YOUR INSTRUCTIONS
Would you print, word for word, only the lines running from the line with "Paul / Friedemann - @pfk_206 - Instagram" to the last line of the entries, without the pictures?

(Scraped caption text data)
[Start of Attachment]
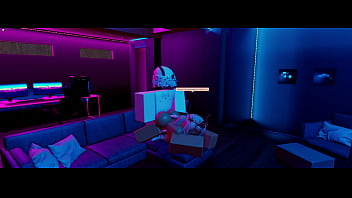 18yo has sex with her boyfriend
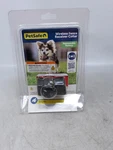 Petsafe Wireless Fence Receiver Collar RFA-67 Waterproof Adjustable Dog Training. Fixed Price $139.99.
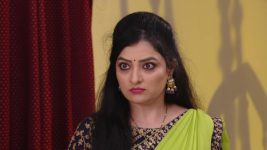 Savitramma Gari Abbayi S01E403 Pooja Unfolds the Truth Full Episode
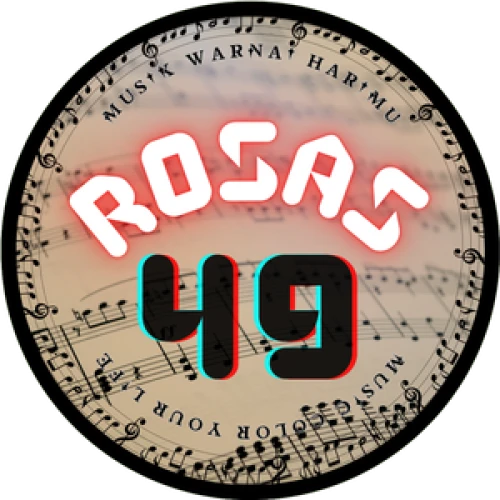 Rosas49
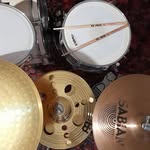 Paul / Friedemann - @pfk_206 - Instagram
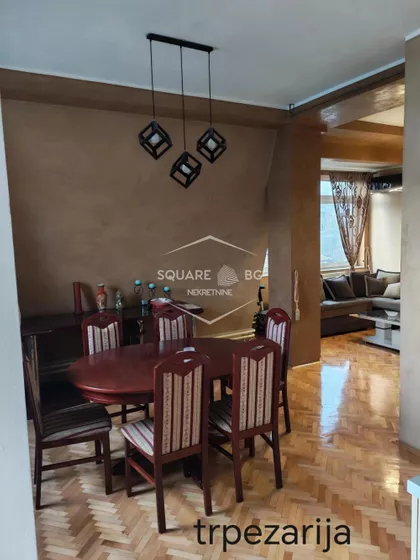 Zdravka Čelara | 4zida.rs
[End of Attachment]
TASK OUTPUT
 Paul / Friedemann - @pfk_206 - Instagram
 Zdravka Čelara | 4zida.rs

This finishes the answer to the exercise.